Modeling SQL update statements

I am relatively new to dbt and trying to convert a SQL script on Redshift into a bonafide model. The script is basically an insert into a lookup table followed by two dozen or so update statements (I know, awful) to bucket rows into categories based on string pattern matches.

I am curious about the best way to translate this pattern into a model. It seems like the initial insert could be materialized as an ephemeral table. If so, how do I subsequently run a series of update tables on this table? I don’t care about persisting or making queryable any of the intermediate states between the updates.

create table foobar as
select * 
from blah....;

update foobar
set column_name = boo
where other_column like '%something%';

update foobar
set column_name = boo
where other_column like '%something-else%';

update....
1 Like

I’m also wondering about this as well. Two of my tables need a lot of cleanup. And I have to use dozens of update statements and a few temp tables to get the final set of tables I need.
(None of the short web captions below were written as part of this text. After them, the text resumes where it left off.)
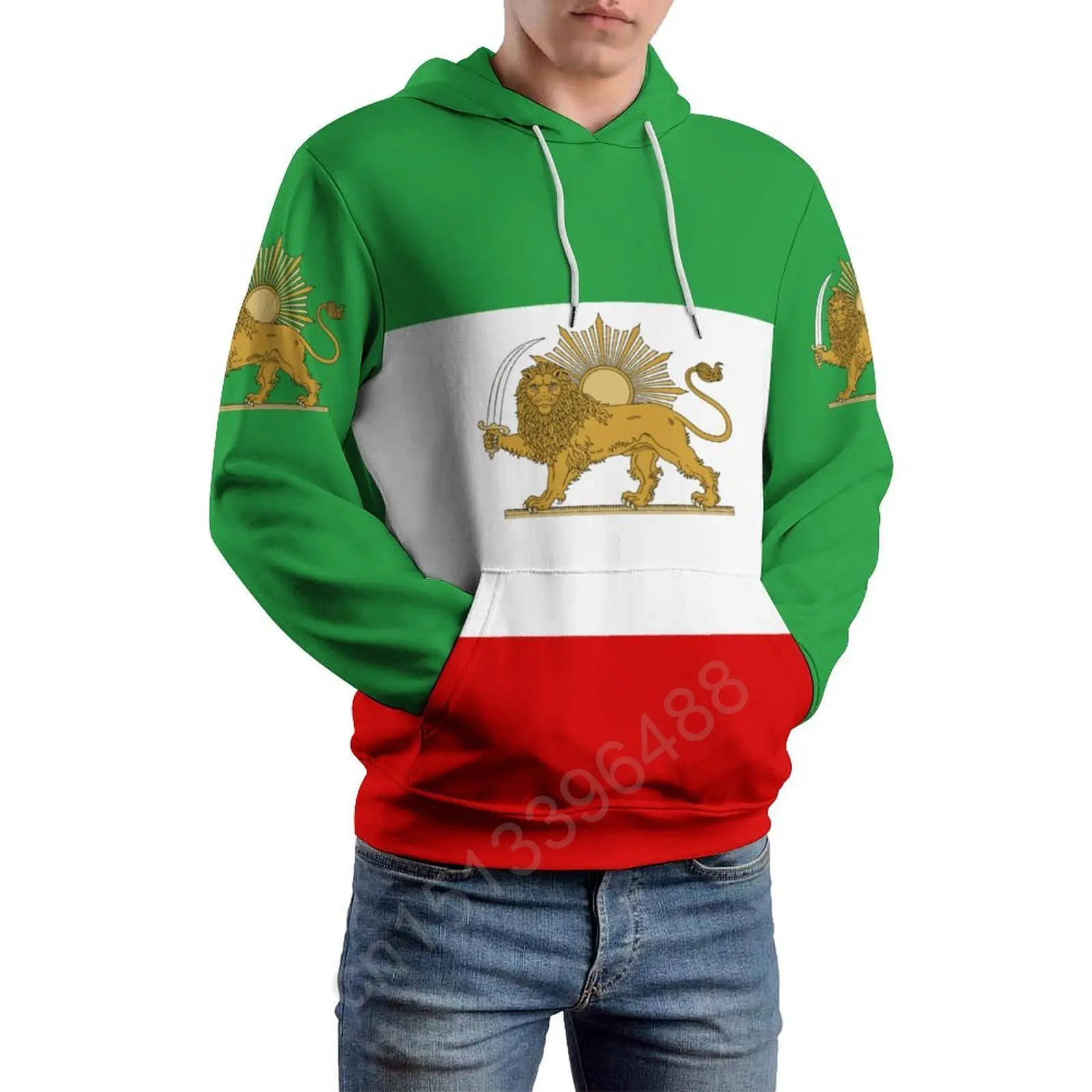 Iran Lion With Sun Flag 3D Hoodie Polyester Cool Men Women Harajuku Sweatshirt Unisex Casual Pullover Hoodies Custom Name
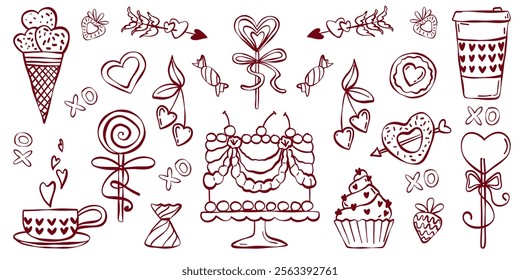 Vector set of line hand drawn sweet elements for Valentine's day. Cake, sweets, cherry, hearts, lollipop, ice cream, cupcake isolated on a white background.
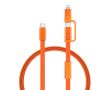 Câble de charge rapide 2 en 1 tressé anti-nœuds 60 W 120 cm couleur orange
I am also new to DBT and was considering doing these transformations immediately after importing the raw data into the warehouse. By using a call to a stored procedure. And then in DBT referencing the source tables in a CTE to show the lineage between these “staged” tables and their raw data sources. Not sure if there is a better pattern.

I think the way to do it is using select queries rather than updates.

select 
    case 
        when other_column like '%something%' then 'boo'
        when other_column like '%something-else%' then 'boo-else'
        else 'no boo for you'
    end as column_name
from foobar

Unfortunately, I believe this solution would require a cleaner dataset. For instance in my source table I am doing an approximate search on the following fields (first_name, last_name, address_1, address_2, company, and source). (I know this is quite the data entry issue). But because this is external data I have less say on this.

As far as processing this data. I am searching through each of these fields for a list of known entity identifiers. By going through the fields and performing like %something% for each field. And then updating the record with the actual entity after finding approximate string matches on the different columns. Any new entities requires an update to the procedure.

Thanks @Kimcha! I wish I could translate this to a giant case statement but sadly the query will be too complex and difficult to read/debug with that. It sounds like there is no good way to achieve this within dbt. I concur with @anthonyae that the dataset passing into a dbt model just needs to be cleaner.

The pattern I am leaning towards right now is loading my staging table into a python data frame, running all the cleaning steps to categorize rows there and then passing that data into a table accessible in dbt. I am using an airflow DAG to orchestrate the initial cleanup step and then call all the downstream processing tasks. The downside is that my transformations are now not 100% within dbt but I can live with that.

If someone has a more elegant solution to this I am all ears!

:wave: Hey there! Welcome to dbt!

Based on the original post, here are a couple assumptions I’m making and an example approach below.

Assumptions:

  • blah is available to dbt as a source
  • We’re only interested in two columns (column_name, other_column)

With those assumptions, I’m thinking some Jinja is all you’d need to clean up the model.

Example:

This model, stg_foobar, basically replaces your create table by getting everything from blah loaded into foobar. You can schedule dbt to run this model as often as you need to make sure foobar has all the data needed from blah, assuming there is something in the omitted code that results in foobar not just being a copy of blah.

stg_foobar.sql

select * from {{ source(‘blah_container’, ‘blah_table’) }}

I imagine this next model, categorized_foobar, as a view, but it could be a table. The point here is that you don’t need to go back and constantly update any tables. Rather, you create this model to build on top of stg_foobar so that anytime data is read from categorized_foobar, it’s automatically using the evaluated columns.

The Jinja mappings is a variable you can use to cleanly define your mapping rules in a single place and prevent yourself from having to write a lengthy case statement.

categorized_foobar.sql

{% set mappings = {'something': 'boo', 'something-else': 'boo-else'} %}

with source as (
		select * from {{ ref(‘stg_foobar’) }}
),

final as ( 

		select
			case
			  {% for old, new in mappings %}
		        when other_column like ‘{{old}}’ then ‘{{new}}’
	          {% endfor %}
		    end as column_name
		from
			source

)

select * from final

Of course, if the complexity of the string matching is the crux of the problem here (that doesn’t stand out to me in the original question), we might look at another approach.

P.S. I’m drafting this up without access to run/test it, so you may run into some syntax issues, but I think conceptually it should work.